Written By: Tad Williams

Published By: DAW Books

Reviewed by Rowena Kemp


             The beauty of the internet is the network of friends abroad. One particular day I was chatting to a friend in Canada, a man who worked on the same account as me for IBM, and he suggested I read Tad Williams. He initially suggest Williams’ series of books called Otherland, but it proved rather difficult to find the series.  Instead, I found one of his newer books, a one shot called The War of the Flowers.

            Imagine if you will, being thrown into a land you’d always believed was just fiction. While trying to wrap your head around your strange and unbelievable surroundings, things started to get a whole lot stranger and suddenly you discover that somehow, for reasons that escape you like the night you went drinking with your pals, you’re part of something stirring under the very foundations of the world - the unimaginable world that is!

            Well that’s exactly the predicament Theo Vilmos has found himself in. Theo is just a young man, a singer in a struggling band, when his life takes a horrible turn and leaves him mentally numb. While sorting through his mother’s personals one day, he discovers a letter addressed to her by his Uncle Eamonn and a key. He discovers a manuscript, written by his uncle, that seems more like a novel - a fairytale of strange places and people; a journey to a world…a magical world.  But the more Theo reads it, the more he gets the feeling that the book wasn’t a novel, but a true account - a diary. Soon enough, Theo is catapulted, almost literally, into this world and into events leading up to a devastating war.

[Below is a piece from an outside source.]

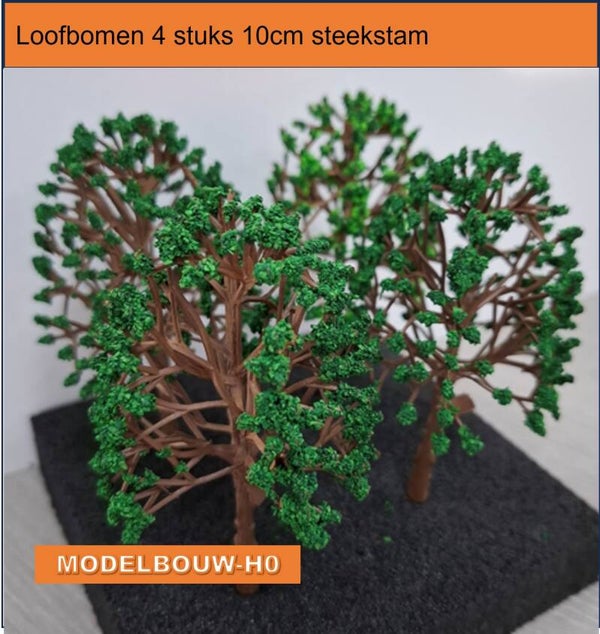 Loofbomen in bloei set van 4 stuks 10cm hoog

            In my opinion, Tad Williams did not write this engaging fantasy, he created it, like a carpenter crafts a special chair. Every page, every chapter leading up to the climax is perfectly carved out. He leaves no sharp edges, no unanswered questions, as he pushes you encouragingly through the story. Williams’ imagination is one with no chains or limits, and one can definitely witness this in War of The Flowers.